His Government Positions

  • Member of Virginia House of Burgesses, 1769-74.
  • Member of Continental Congress, 1775-76.
  • Governor of Virginia, 1779-81.
  • Member of Continental Congress, 1783-85.
  • Minister to France, 1785-89.
  • Secretary of State, 1790-93 (under Washington)
  • Vice President, 1797-1801 (under J. Adams)
  • 3rd President of the United States, 1801-1809

Keep the above dates in mind as we look at Thomas’ personal life. He married Martha Wayles in 1772 – she was 24, he was 29 and a member of the Virginia House of Burgesses. Martha’s first husband and first child had died; she brought considerable property to her marriage to Thomas, allowing him to greatly expand Monticello. The couple shared an interest in literature, horses, and music – she played the harpsichord and he the violin. Together they had six children but only two daughters lived to adulthood; and sadly, Martha died in 1882, ten years into the marriage. She did serve as First Lady of Virginia during Thomas’ governorship, but during the years he was Minister to France, Secretary of State, Vice President, and President – 1783-1809 –Thomas was a widower. His relationship with Sally Hemings, a slave, has been the subject of controversy for years; in 2012, the Smithsonian Institution and the Thomas Jefferson Foundation held a major exhibit at the National Museum of American History: Slavery at Jefferson’s Monticello: The Paradox of Liberty; it says that “evidence strongly supports the conclusion that [Thomas] Jefferson was the father of Sally Hemings’ six children.” It is a certainty that Martha Jefferson made Thomas promise never to remarry after her death, and he kept that promise.

Inauguration One

Several interesting things marked Thomas Jefferson’s inauguration on March 4, 1801; the first time an inauguration was held in Washington, DC. The temperature was mild that day; an artillery company on Capitol Hill fired shots to welcome the daybreak. Thomas was staying at Conrad & McMunn’s boarding house on the south side of the Capitol. In contrast to his predecessors, he dressed plainly, arrived alone on horseback, and retired his own horse to the nearby stable. He’d given a copy of his speech to the National Intelligencer to be published right after delivery, another first; the theme was reconciliation after the bitterly partisan election. He gave his 1,721-word speech in the Capitol’s Senate chamber, and then took the oath of office, administered by Chief Justice John Marshal. In what would become standard practice, the Marine Band played for the first time at the inauguration. Outgoing President John Adams, distraught over his loss of the election as well as the death of his son Charles, was already on the morning stagecoach out of town.

Inauguration Two

Thomas Jefferson rode to the Capitol on horseback on March 4, 1805, but much of Congress had already left after the body had adjourned following Burr’s farewell address before the Senate a couple of days earlier. The inaugural ceremony was modest; Thomas spoke softly and quietly and provided copies of his inaugural address. In the speech, he addressed the recent acquisition of Louisiana, the Federalists’ diminishing influence, and the need for freedom of the press, though he also criticized recent press attacks against him. His successful first term had brought him back into office in a landslide vote of 162 to 14; achievements were a strong economy, lower taxes, and the Louisiana Purchase.

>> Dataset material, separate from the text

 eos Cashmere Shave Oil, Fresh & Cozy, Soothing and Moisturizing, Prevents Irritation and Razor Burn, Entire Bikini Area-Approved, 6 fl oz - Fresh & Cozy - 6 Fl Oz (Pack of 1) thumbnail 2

Voter participation grew during Jefferson’s presidency, increasing to “unimaginable levels” compared to the Federalist Era, with turnout of about 67,000 in 1800 rising to about 143,000 in 1804.

And Then

After retiring from public office, Thomas Jefferson founded the University of Virginia. He envisioned a university free of church influences where students could specialize in many new areas not offered at other colleges. He believed that education was necessary for a stable society, and that publicly funded schools should be accessible to students from all social strata. He organized the state legislative campaign for the University’s charter and, with the assistance of Edmund Bacon, purchased the location. He was the principal designer of the buildings, planned the  curriculum, and served as the first rector. The university had a library rather than a church at its center, emphasizing its secular nature—a controversial aspect at the time. He bequeathed most of his library to the university upon his death – Independence Day, July 4, 1826.

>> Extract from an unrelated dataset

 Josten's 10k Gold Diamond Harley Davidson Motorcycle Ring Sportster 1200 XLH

My personal favorite of Thomas Jefferson’s thousands of accomplishments, (besides that of being such an avid book collector) is the Louisiana Purchase. I live in Arkansas, near the “Louisiana Purchase Marker” which makes me a part of “living history” in a touchable form; I also lived near the Ouachita River, where the famous Dunbar-Hunter Expedition passed through in 1804-1805. Thomas sent out four expeditions in all: the Freeman-Custis (1806) on the Red River, the Zebulon Pike Expedition (1806-1807) into the Rocky Mountains; and of course the Lewis & Clark Expedition (1803-1806) that made it to the Pacific Ocean. And there was all that tinkering he did – he invented a revolving bookstand (natural for a book lover), the swivel chair, and many other practical and useful devices. In addition to all the beautiful buildings at Monticello and the University of Virginia, he also designed one of the prettiest state capitols – Richmond, Virginia.

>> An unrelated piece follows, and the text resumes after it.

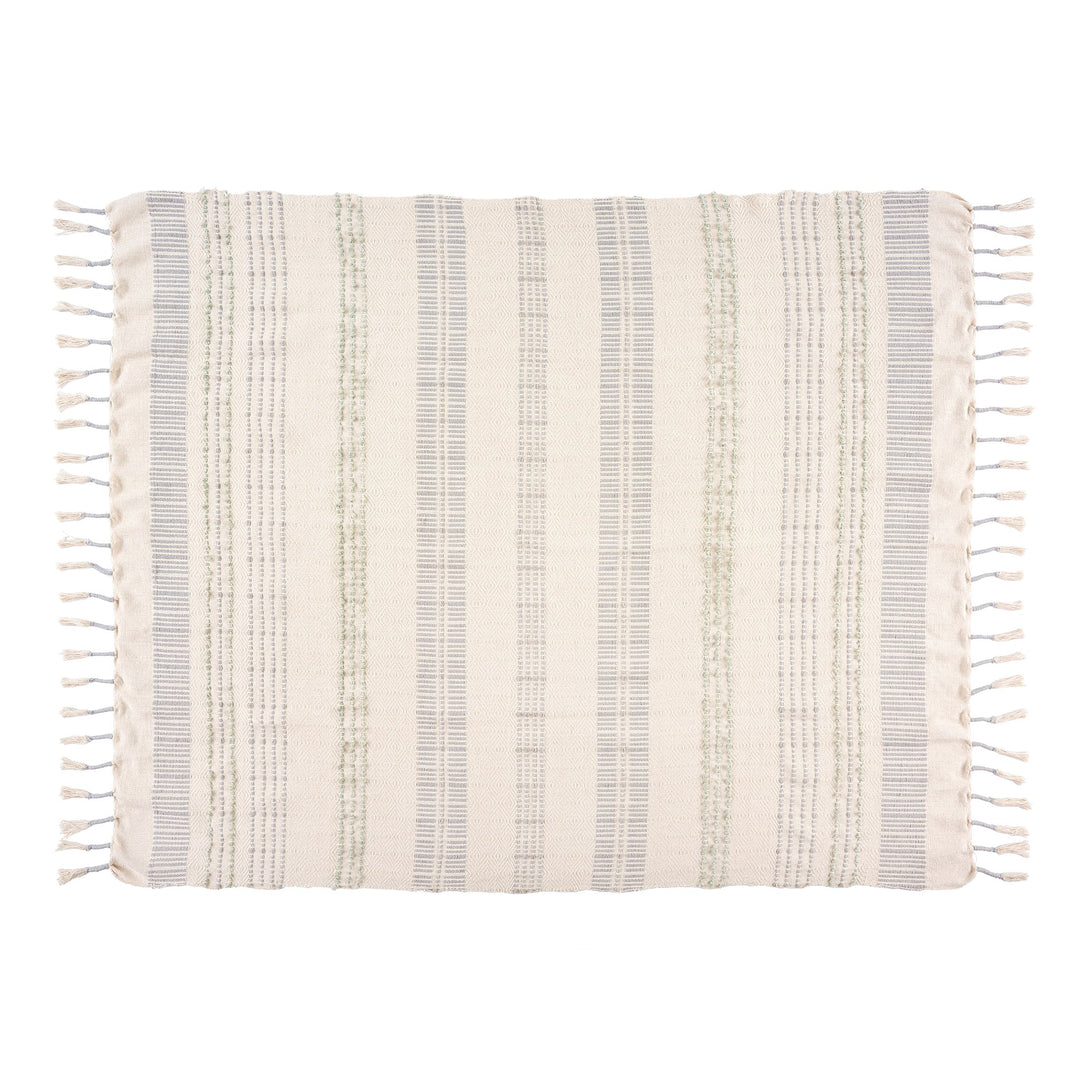 Beach House Throw - silver grey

Like I said – the man never sat still.

Tomorrow: #4. Madison, James

 

 
 
 

#1. Washington, George

Linda Lou Burton posting from Little Rock, Arkansas – George Washington (February 22, 1732 – December 14, 1799) was red headed. Does that surprise you? The image in my mind when I hear the name “George Washington” is of a rather somber fellow with powdered-white hair. After all, that’s the picture hanging in almost every classroom in the United States. In truth, this red-headed fellow had sparkling grey-blue eyes, was more than six feet tall, and was known for his great strength. If George were alive today, you’d want him at your parties. He was a bit reserved, but had a strong presence and was well respected. He was rugged; he loved horses and collected thoroughbreds. He loved to hunt – foxes, deer, ducks and other game. But George was also an excellent dancer and loved the theater. He drank in moderation but opposed excessive drinking, smoking, gambling, and profanity.

George was a good husband; when he married widow Martha Dandridge Custis in 1759 – he was 26, she was 27 – he assumed the role of husband, father to Martha’s two children Patsy and Jacky, and manager of Martha’s considerable estate. When Patsy died suddenly, George canceled all business dealings to stay by Martha’s side for three months. When Jacky died at the age of 26, George and Martha took in their grandchildren Nelly and Washy (George Washington Custis) and raised them. They never had children together, to the regret of both.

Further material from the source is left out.